We parked and walked into the warm, smokey house and Teri immediately yelled, “Where were you!” I thought, great! she doesn’t remember and now were going to be in trouble. But nope, I guess they ran out of beer and someone needed to go get some from town. Every one of them were smashed. Teri was trying to talk some of the younger guys into taking her car and picking up the beer but they said they might be arrested if they were caught driving again with no licence. So Jenny speaks up, “I’ll take them into Glinsy to get it.”

Again, I thought, no way is her mom going to go along with this, it’s eleven p.m., it’s crazy. And to her credit it took some convincing to get Teri to agree. But she did.

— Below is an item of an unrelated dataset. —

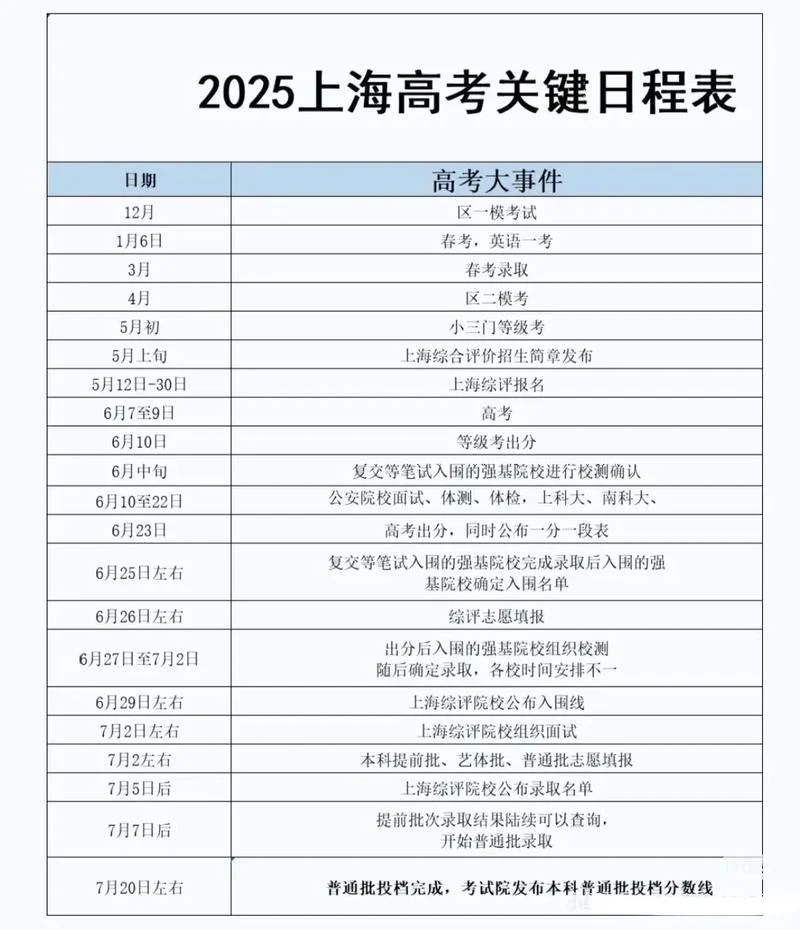 今年高考几月份_1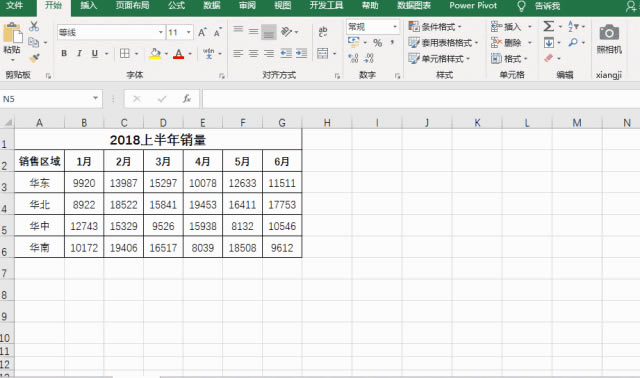 Excel ���Ѹ������ͼ�� ExcelѸ������ͼ������ͼ�Ľ̳�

So off we go,  Jenny and I in the front and two men I didn’t know in the back. It worried me a little but Jenny seemed to know who they were. It took a long while getting to town because my cousin had to go slow; inexperience and low visibility. The men in the back tried chatting with Jenny but she yelled “Shut up so I don’t wreck us!” Even at thirteen she didn’t mess around. They shut up. It was pretty awkward.

We were only a couple of miles from Glinsy and the car started to lurch horribly. My stomach dropped. When it stopped rolling and we had to pull off into a snow bank, I was terrified. Now if it were 2016, I would just call my mom to come get us. But this was the early nineties and I was poor. No one had cell phones. We were stranded.

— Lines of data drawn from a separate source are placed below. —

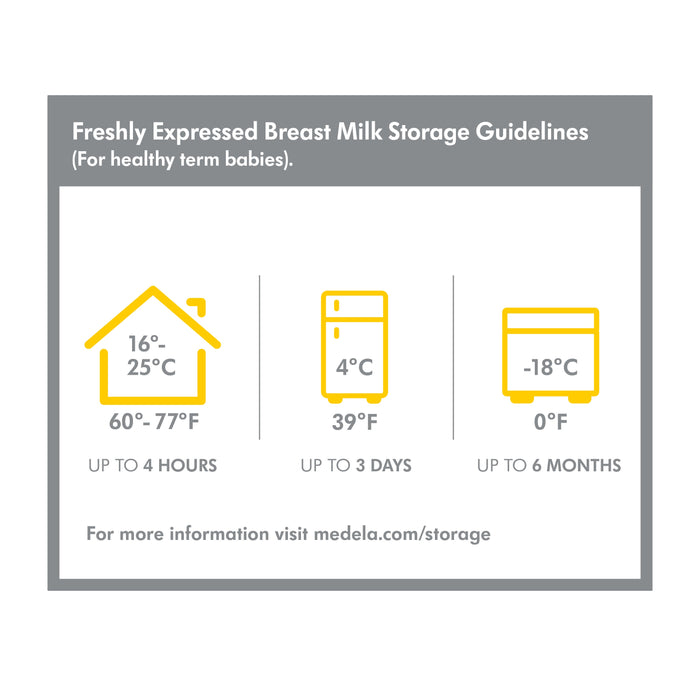 Medela Breast Milk Bottle Set, 3 pack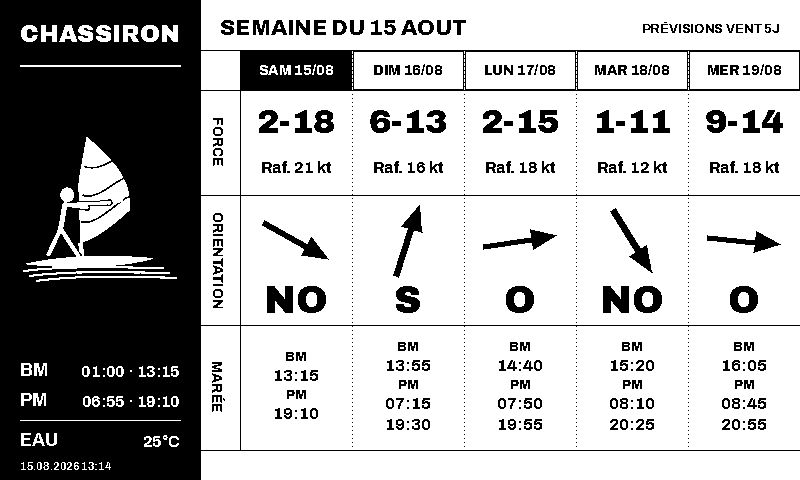 Rendu plein écran : force, rafales, orientation du vent et horaires de marée sur cinq jours à Chassiron.
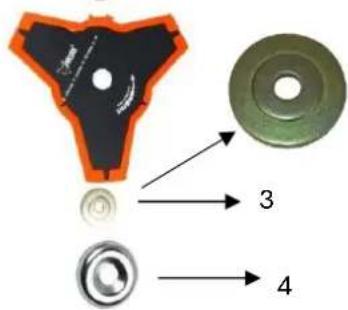 Fuxtec FX-PS152 - Mounting the metal blade - 3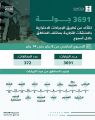 “التجارة” تنفذ أكثر من 3 آلاف زيارة خلال أسبوع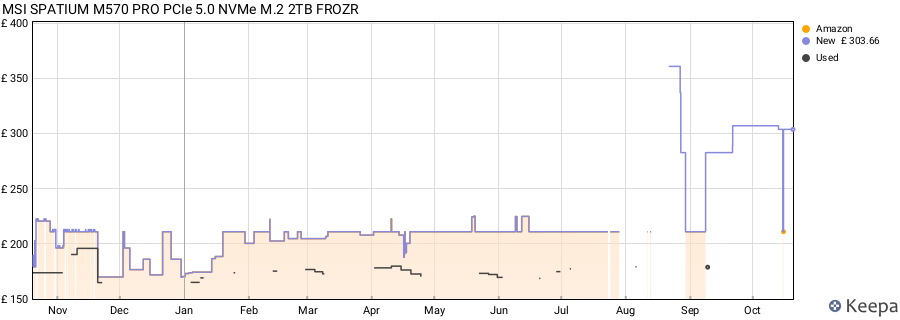 MSI SPATIUM M570 PRO PCIe 5.0 NVMe M.2 2TB FROZR price history (last 12 months)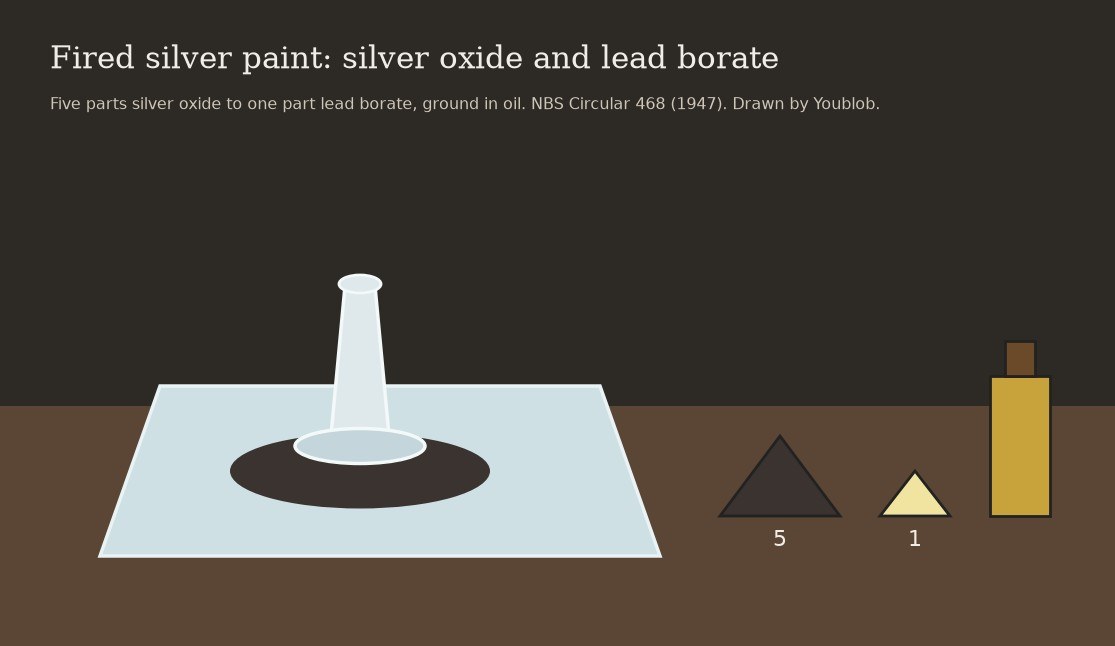 Fired Silver Paint: Five Parts Silver Oxide to One Part Lead Borate, Ground in Oil (NBS Circular 468, 1947)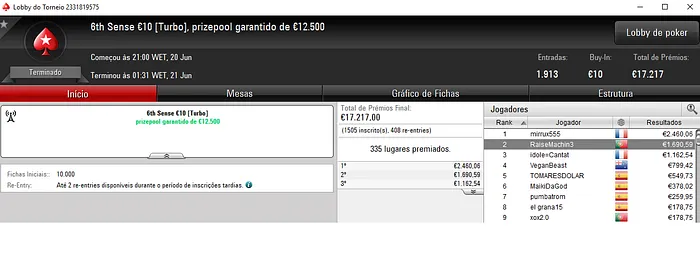 RaiseMachin3 Vence Ultra KO €20 e é Segundo no 6th Sense €10 & Mais 102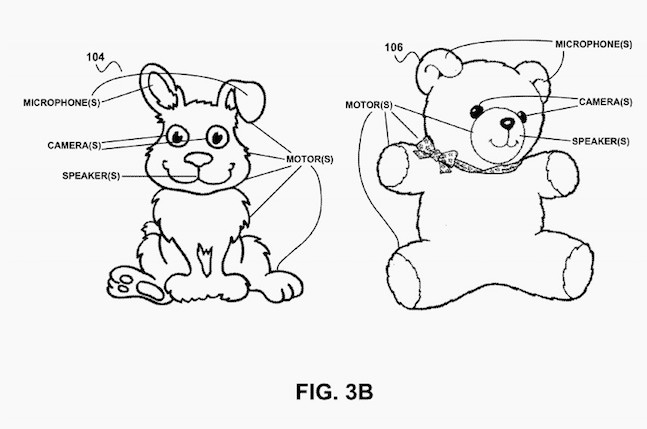 google creepy teddy patent - Google now mingles everything you’ve bought with everywhere you’ve been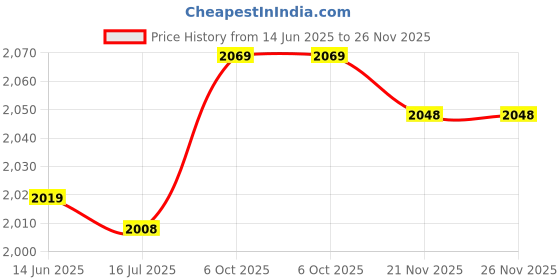 amazon.in Generic 60mm Universal Car Motorcycle Fuel Level Meter Gauge LED Light Display 12V Price History Graph from 14 Jun 2025 to 24 Nov 2025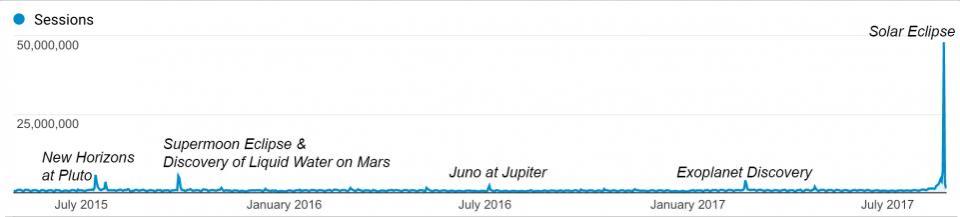 8-25-17 NASA eclipse graph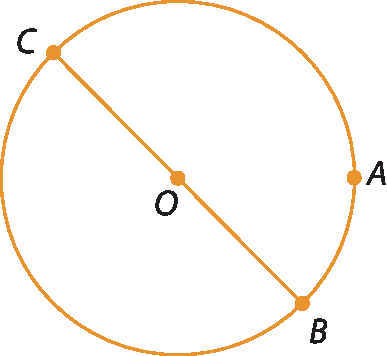 Ilustração. Circunferência, em laranja. No centro, o ponto O. Na circunferência estão os pontos A, B e C. O ponto B é oposto a C. Traçado o segmento CB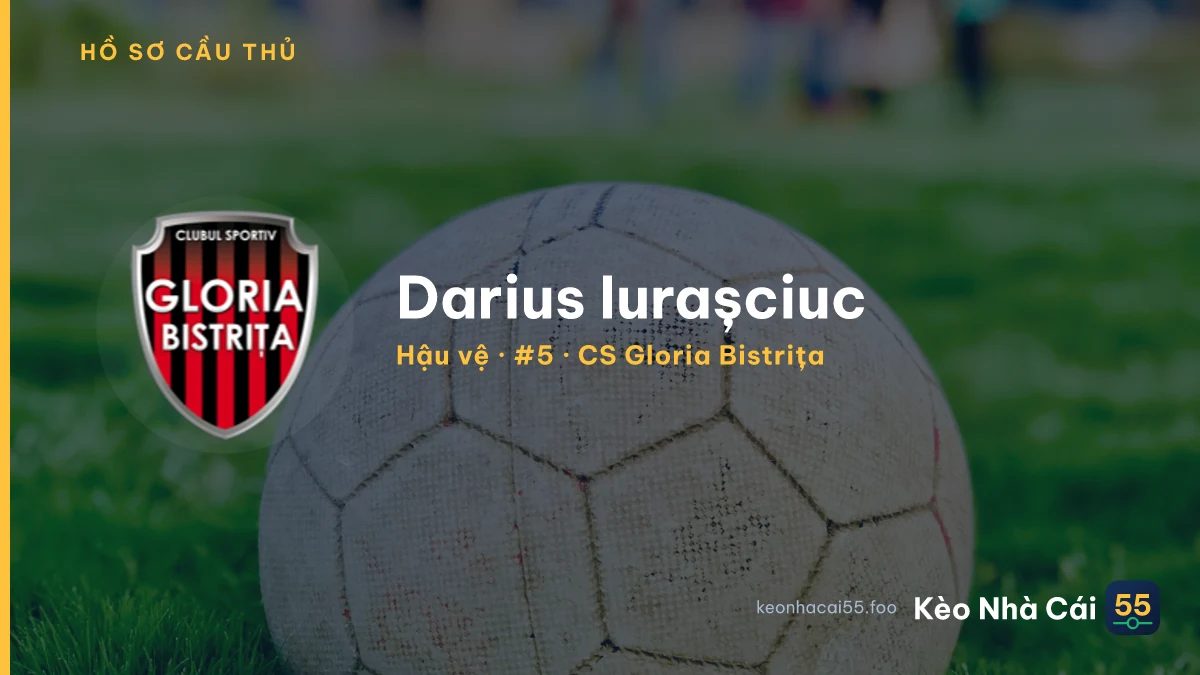 Darius Iurașciuc — CS Gloria Bistrița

I thought ok, these guys in the backseat are going to save us. I still had that stupid confidence in all adults that kids tend to have. They told us that they would run into town and find us a ride. Great, we were as good as saved. Plan made. We were to stay with the car and keep warm.

It was around eleven thirty and there weren’t many people on the road. We kept the car off and huddled into our jackets. Thankfully the engine would still turn over, so we would run it once in a while to keep the worst of the cold out. We didn’t know how long it would be before the guys came back with a ride.

We watched the dash clock hit midnight, then one a.m. I can’t tell you how much I imagined them finding us frozen solid the next morning and what my parents were going to think. The guys still didn’t show. We worried that something may have happened to them.

Finally at one thirty in the morning one of Teri’s friends recognized the car and stopped. The woman had come into town to pick up her daughter from a sleep over that went badly and was headed home. We hitched a ride back to Leehorn. She cursed Teri the whole way and we heard an earful also.

When we walked through the door to Jenny’s house it was two a.m. Wouldn’t you know, those same two men were sitting at the kitchen table drinking with the group.

I was flabbergasted. Those assholes had gotten more beer and came back to Leehorn. Leaving us with the car. Their defense was that they looked in the car as they drove past and it didn’t look like we were there. So they figured we had hitched a ride. Teri was passed out in her room, totally oblivious.

Jenny screamed that the men were useless assholes and how they were lucky that we weren’t dead or abducted. They didn’t care. Jenny went into her mom’s room and shoved her awake, “Your cars broke down on the side of the road outside of Glinsy. You better get it in the morning, don’t wake me up. I’m going to bed.” She tossed the keys on the bedside table and we locked ourselves in her room and slept till noon. It says something of your home life if you have a deadbolt on the inside of your bedroom door.

Teri got her car towed the next day and it turned out that the transmission was shot. When I heard that I wondered if maybe my cousin had been driving in the wrong gear, but I really didn’t care. That night I was more thankful I had stable parents than I have ever been.

They never heard of it, I wasn’t going to say anything and Teri sure as hell wouldn’t. I figured I didn’t get away with anything though, the experience itself was all the punishment I needed.